Why is $B_n = \{f \in L^1 : \int |f|^2 < n \}$, $n \in \mathbb{N}$ a nowhere dense subset of $L^1$? Please provide a proof without assuming that $L^2 \subsetneq L^1$.
Clarification:
$L^p$ here follows the common notation in mathematics, and refers to the functional space equipped with the $L^p$ norm. The underlying space is $X$, i.e., we are concerning ourselves with $L^p(X)$. The only restriction for $X$ is $\mu(X) < \infty$ where $\mu$ is the measure on $X$.
Edit:
Here is how I have approached the problem:
To show that $B_n$ is a nowhere dense set in $L^1$, we need to show that the closure of $B_n$ has an empty interior in $L^1$. Notice that the closure of $B_n$ is simply $\{f \in L^1 : \int |f|^2 \le n \}$, so we simply need to prove $\{f \in L^1 : \int |f|^2 \le n \}$ has an empty interior. My intuition would be proof by contradiction. Suppose the interior is not empty. Then $\exists \ f_0 \in L^1$ and $r_0 \in \mathbb{R}$ such that $B_{r_0}(f_0) = \{g \in L^1 \ | \ \|g - f_0\|_{L^1} < r_0\} \subset B_n$. But I do not know how to derive a contradiction from here.
Would be grateful for any helpful constructive comments.

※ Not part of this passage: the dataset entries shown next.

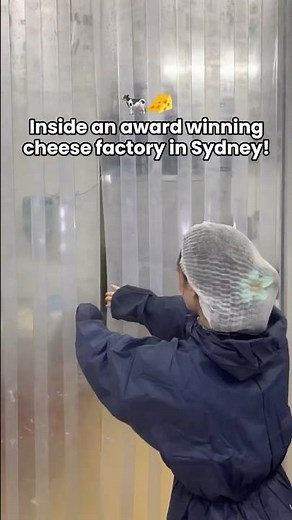 Inside an award winning Sydney cheese factory! 🧀🐄 #sydney #food #cheese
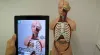Challenges Of Adopting AR In Education - BiztechCS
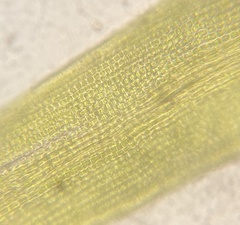 Ptychomitrium incurvum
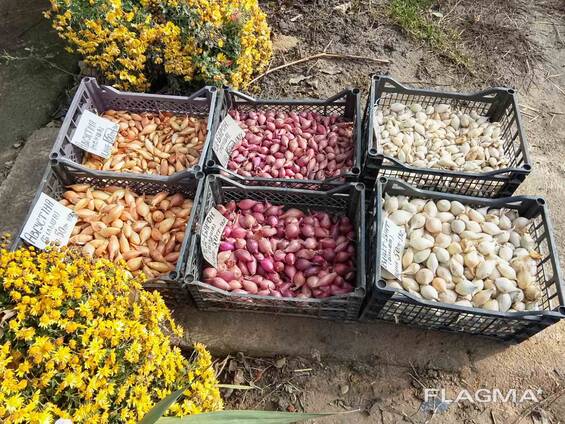 Продам цибульку сіянку(тиканку).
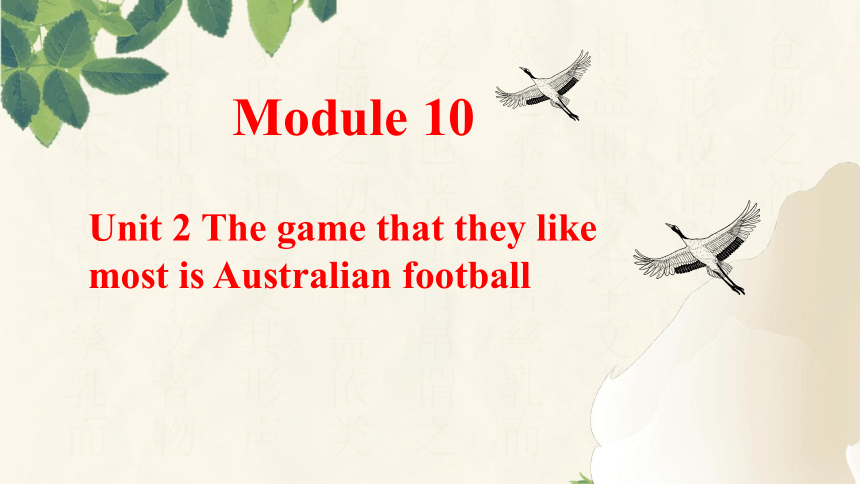 Module 10 Unit 2 The game that they like most is Australian football课件(共25张PPT)
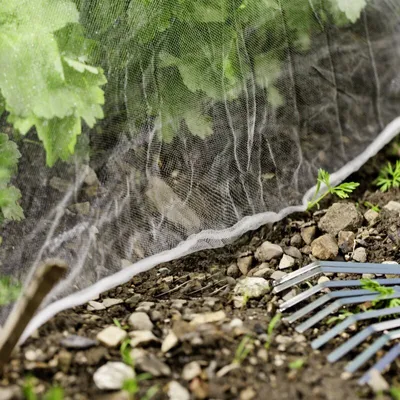 Produktbild von Insekten Schutznetz für Gemüsebeete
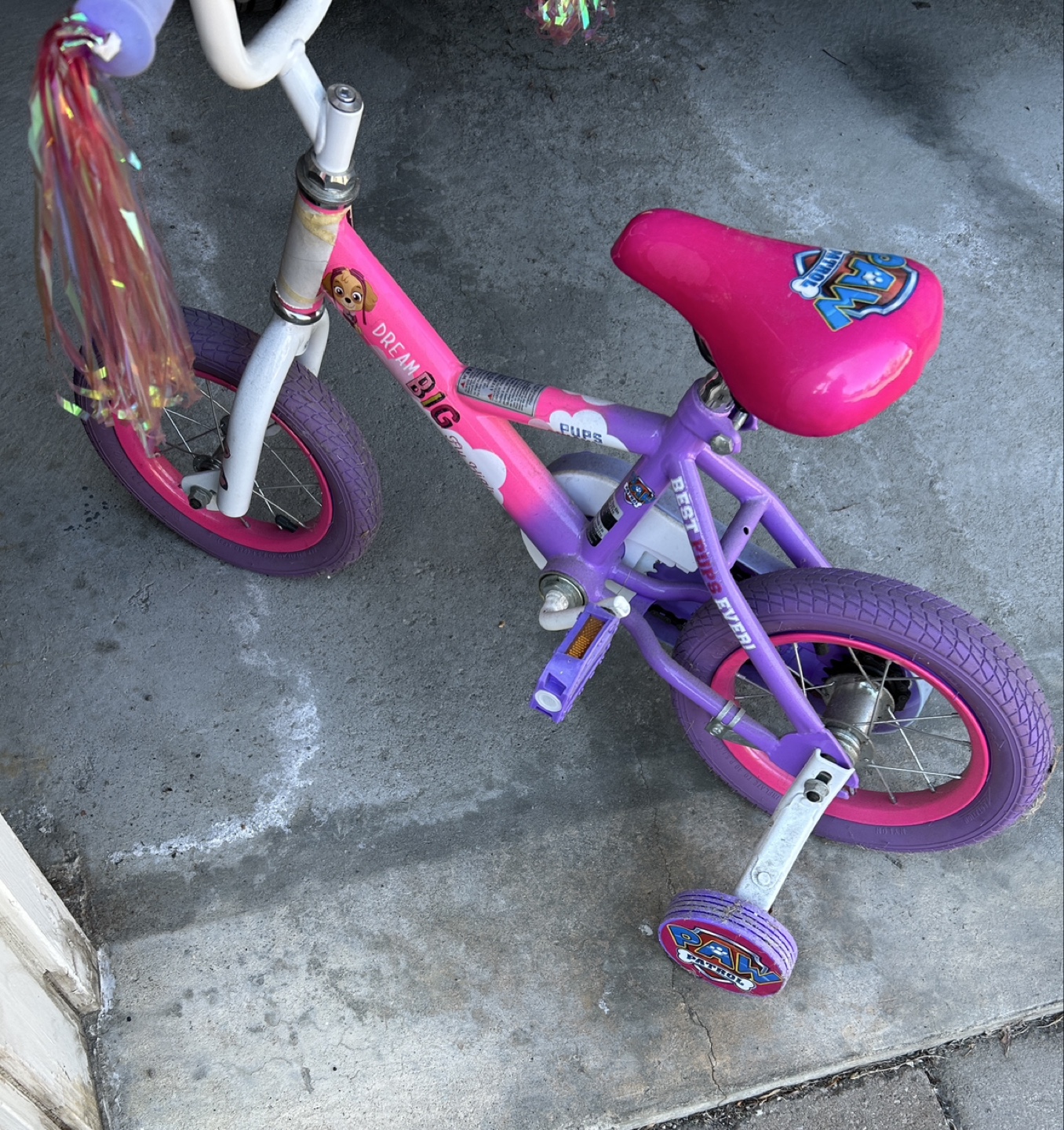 Paw Patrol Girls' Bike with Training Wheels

Let $\varepsilon > 0,f \in B_n$. You need to show that the $L^1$-ball of radius $\varepsilon$ around $f$ is not contained in $B_n$. Here is a hint for how to do this: find $g \in L^1 \setminus L^2$ and consider $h=f+\frac{\varepsilon}{2} \frac{g}{\| g \|_1}$.
Note that the proof above requires that something is in $L^1 \setminus L^2$; this is not always the case, it depends on the underlying measure space. In particular, it requires that there exist sets of arbitrarily small positive measure. A sketch of the construction of something in $L^1 \setminus L^2$ under this assumption is as follows.
Take a sequence of disjoint sets $A_n$ with $0<\mu(A_n)\leq n^{-4}$. Take $g(x)=\frac{1}{n^2 \mu(A_n)}$ for $x$ in $A_n$ and zero elsewhere. Check that $\| g \|_1 < \infty$ and $\| g \|_2=\infty$.